The VTAC light mount is a lightweight polymer mount for your 1 inch or 30mm diameter tac light. The diameter is adjusted by the use of an included insert. The mount attaches to any standard Picatinny rail via a pair of hex bolts.
Now that the boring part is out of the way, how about the mount? It's lightweight, seems pretty sturdy, and does what it's supposed to. Most light mounts protrude from the rail straight out, and can be awkward to use with modern shooting stances.
So, what separates this from the other mounts out there? Well, for one, it's polymer. So, no adding a ton of weight when you bolt this on your gun.
Second, it's an offset mount, basically it is offset to either side of whichever rail it is attached to, and is perfect for thumb activation whether you are using a vertical grip, no grip, a handstop, or whatever your flavor is.
Although unconventional, the setup above allows the operator to use a thumb-over-bore grip, and activate the light with the thumb or knuckles of the support hand.
When "broomsticking" a traditional vertical grip, it can still be activated by the support-hand thumb when placed on the 3 o'clock position on the rail.
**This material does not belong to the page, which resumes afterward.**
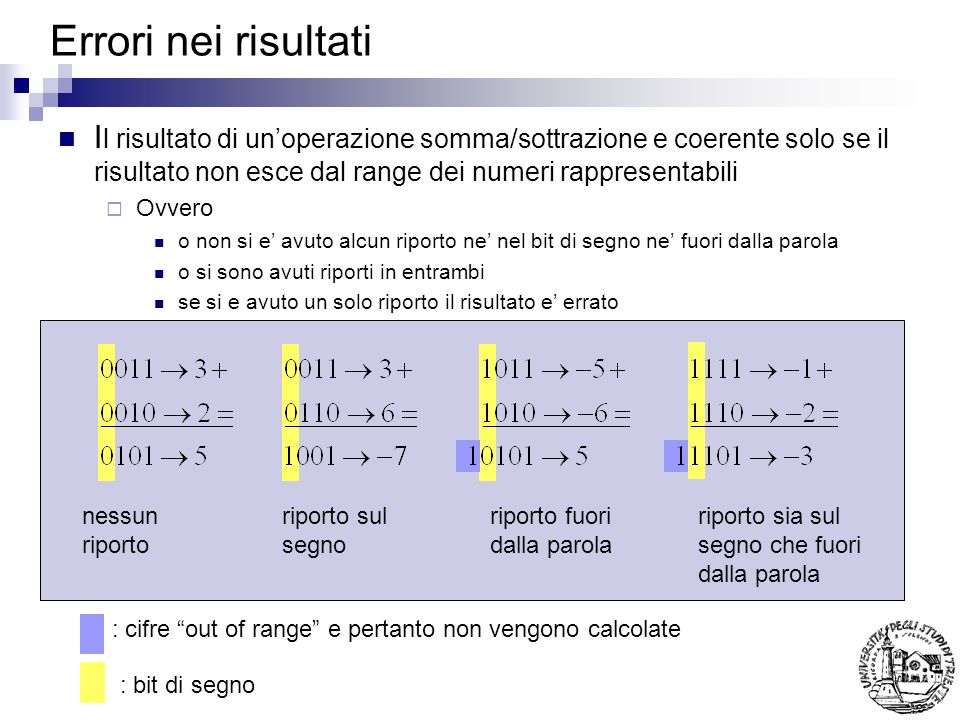 Errori nei risultati Il risultato di un’operazione somma/sottrazione e coerente solo se il risultato non esce dal range dei numeri rappresentabili.
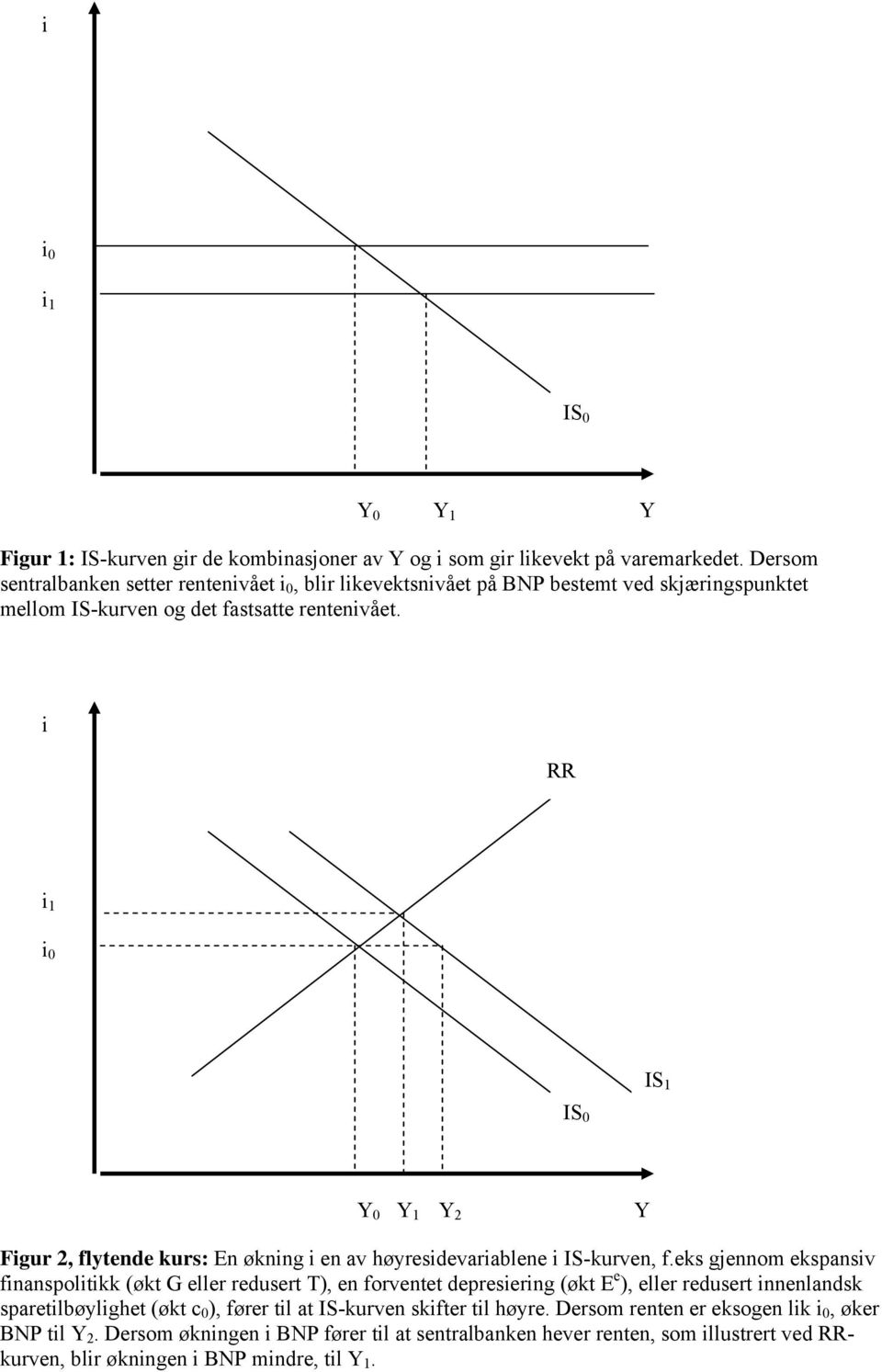 i RR i 1 i 0 IS 0 IS 1 Y 0 Y 1 Y 2 Y Figur 2, flytnd kurs: n økning i n av høyrsidvariabln i IS-kurvn, f.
So, if those are the best things about it, what's the downside, because everything has one.
If you don't tighten the mount evenly on the rails, or the ring to the mount, the light will sit unevenly. This is an easy issue to fix, and as long as you can see, you should be able to tell if its lined up correctly.
However, the next issue is a bit more serious. It sits funky on the rail when you tighten the mount down. It literally looks like it was spec'd for a different rail system, like when someone slaps a Weaver mount on a Picitinny rail. This is supposedly normal in this particular design, but it still makes me a little leery.
In about 6 months of testing (2 range sessions/month, dry practice weekly), the mount has not slipped, loosened, or warped, even when the gun is dropped on the "flat" side. I haven't dropped it straight onto something bezel-first, but I'm sure that'll happen eventually.
It's not a metal mount, and I don't expect it to take rough handling like a quality metal mount will, but I believe this will take a pounding before it quits. At a $25 price point, it beats the hell out of a lot of other polymer mounts out there, like the CAA mount, both in terms of ergonomics and positioning options. A lot of metal mounts out there have obnoxiously large tightening screws to deal with, and though this mount requires an Allen wrench to remove/install, it feels a lot better on the gun.
The current setup I'm testing involves mounting the front sight behind the light mount and a small area for my thumb. Sight purists may cry foul, but on a specter length rail, the sight is close to the location of the carbine-length setup, so although I'm giving up a few inches of sight radius, I'm not losing anything versus a carbine fixed sight setup, and it feels and points quite well. My .02.
This grip on the weapon is not as strange as it looks. A carbine-length system with a fixed front sight and an MRE rail is very similar to this. The biggest issue I've had is trying to mount the VTAC around the massive external screw on the front sight I currently have. I activate the light with the thumb of my support hand, or with the middle knuckle on the support hand index finger. Running the grip as far forward as I can makes it impossible to activate the light without pushing the sight back a bit. With a streamlined sight like the DD fixed front sight, this is not an issue, and the light can be mounted on the 6-o'clock rail, allowing the user to run the sight in a more traditional position.
Everyone is a critic or think they could do it better, so here's my armchair quarterbacking on the mount:
- A forward offset. You give us a polymer Thorntail and you can officially print money. I love the MOE Scout mount, and run it as a ramp for my thumb even without the light.
- Make it sit right. No, I haven't had any problems. But the way that the mount sits makes me hesitant to un-mount and re-mount the system. I've done it a dozen times, but its not like using a standard screw mount.
Overall, I like this mount, especially for the price and weight. It works better for me than a lot of other mounts on the market. Coming up, I'll be comparing it to some of the other mounts out there, as well as working it on other weapons for comparison.